A proposta, que já foi aprovada na Câmara e aguarda deliberação do Senado, integra uma agenda inspirada em modelos de “linha dura”, como o de El Salvador.
Desafios para proposta prosperar
Contudo, especialistas indicam que o caminho jurídico da medida é complexo. Segundo a advogada criminalista Ana Krasovic, a proposta suscita um “intenso debate constitucional” ao confrontar a proteção da sociedade com as garantias fundamentais do condenado.
Krasovic destaca que a intervenção forçada sobre a integridade física pode violar o princípio da dignidade da pessoa humana e a proibição de penas cruéis prevista na Constituição.
“A imposição compulsória desse tratamento enfrenta relevantes obstáculos constitucionais”, afirma a advogada.
Aplicação legal e judicialização da proposta
Sob a ótica da execução penal, Beatriz Alaia Colin, especialista em Direito Penal, avalia que a medida possui “baixa viabilidade prática” por exigir mudanças profundas na legislação e na estrutura penitenciária.
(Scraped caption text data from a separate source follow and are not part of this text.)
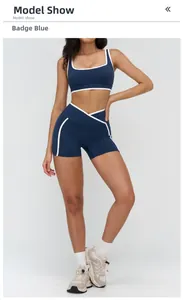 Close-up of badge blue yoga set with white contrast trim and crossover high waist design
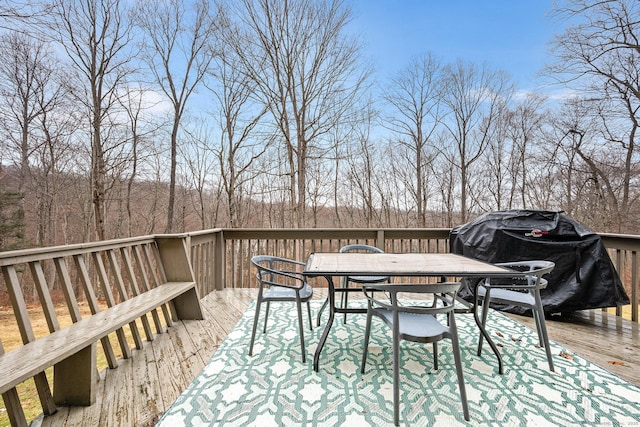 wooden deck featuring outdoor dining area and grilling area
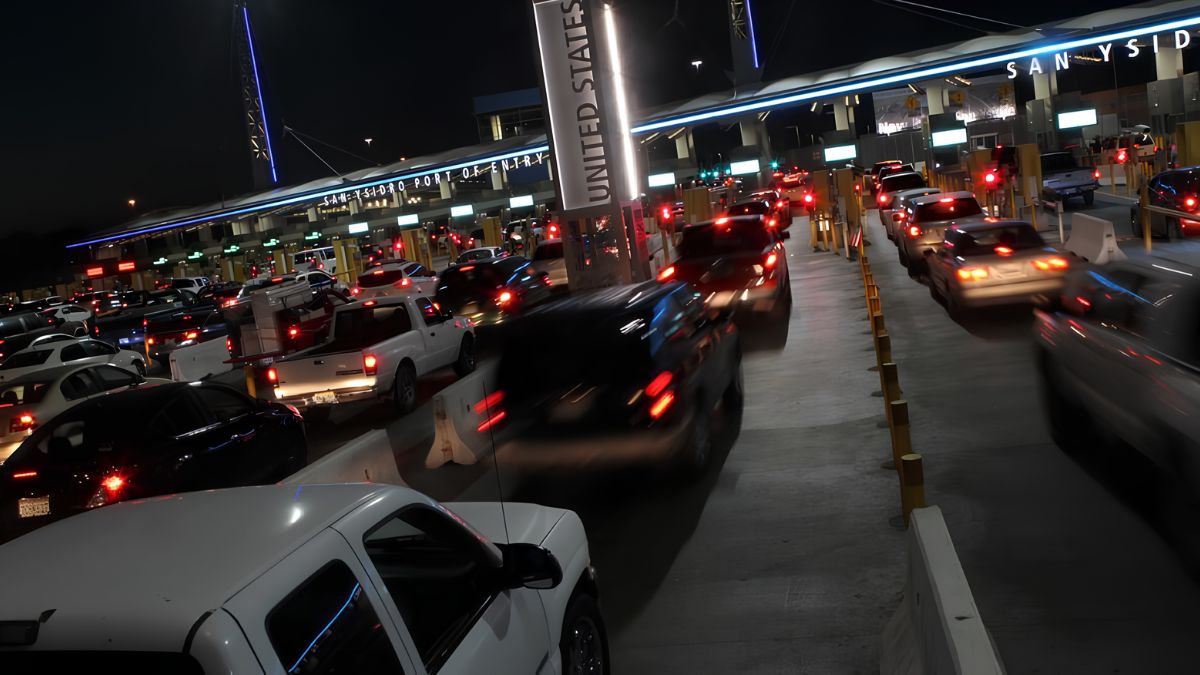 Cars lined up with red brake lights at the San Ysidro Port of Entry border crossing between San Ysidro and Tijuana at night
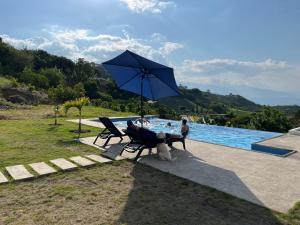 a person sitting on a bench under an umbrella next to a pool at Casa Vacacional in Loja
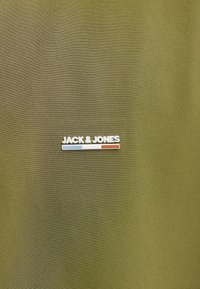 Λογότυπο JACK & JONES σε λευκό πάνω από μια μικρή οριζόντια γραμμή σε μπλε, λευκό και κόκκινο χρώμα σε επιφάνεια ελιάς ύφασμα.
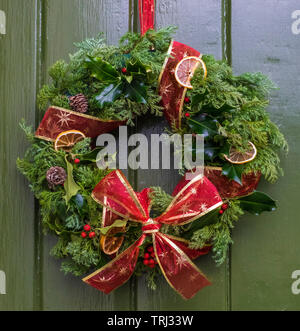 Une couronne de Noël suspendu à une porte verte Banque D'Images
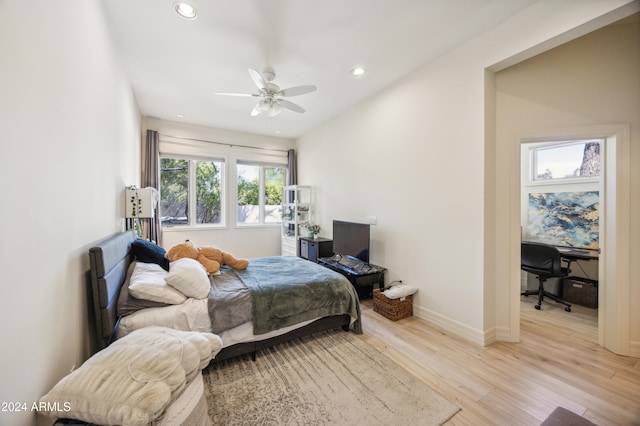 bedroom with light hardwood / wood-style flooring and ceiling fan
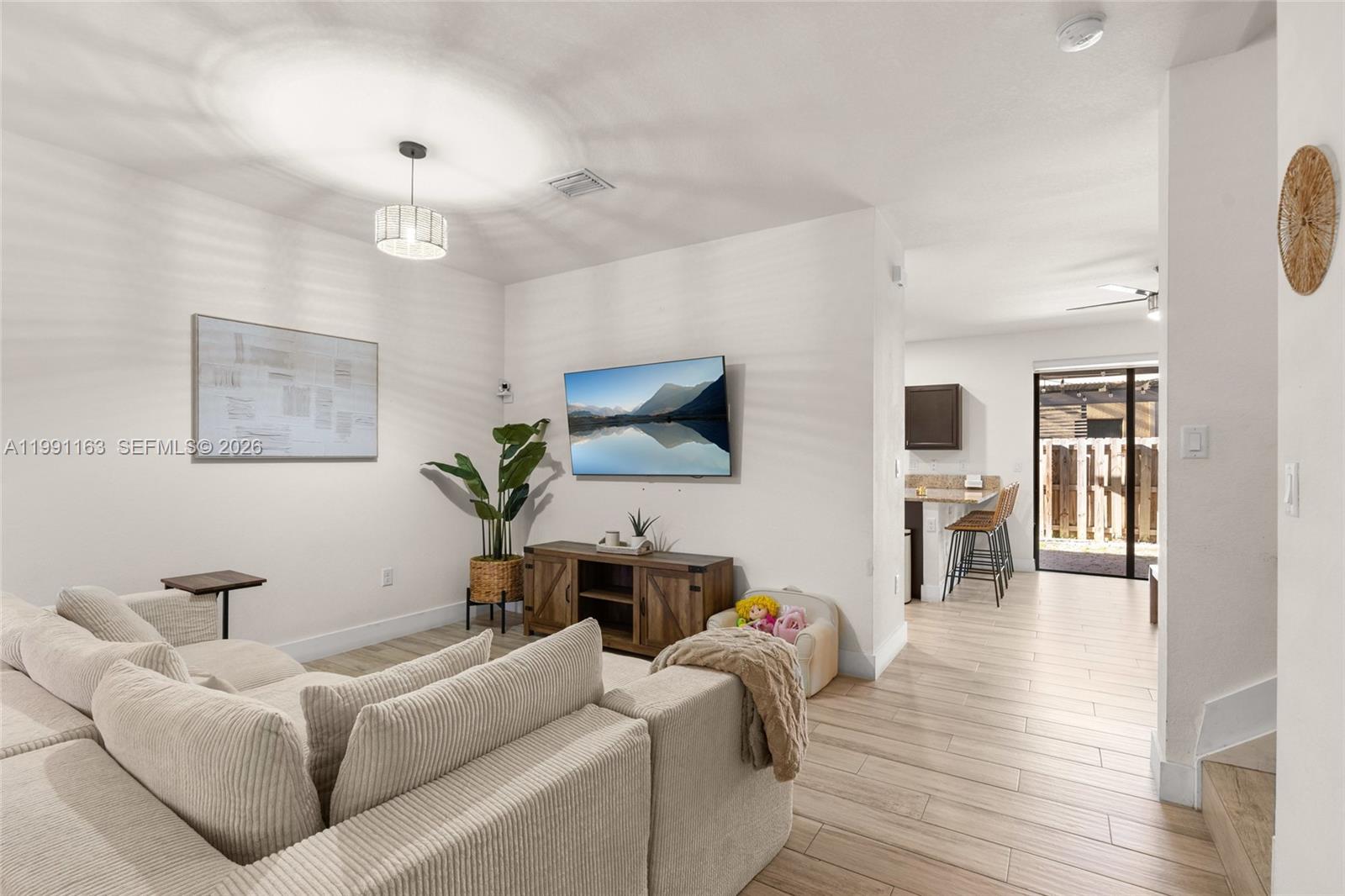 11429 Southwest 253rd Street Homestead, FL 33032 - Photo 7 of 30 a living room with furniture wooden floor and a flat screen tv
“Qualquer nova forma de pena só valeria para crimes cometidos após a vigência da lei”, diz Colin ressaltando ainda que a norma não pode retroagir.
Especialistas são unânimes ao dizer que se a proposta for aprovada pelo Congresso Nacional, a tendência é que a validade da castração química seja decidida pelo Supremo Tribunal Federal (STF), devido a possíveis conflitos com tratados internacionais de direitos humanos.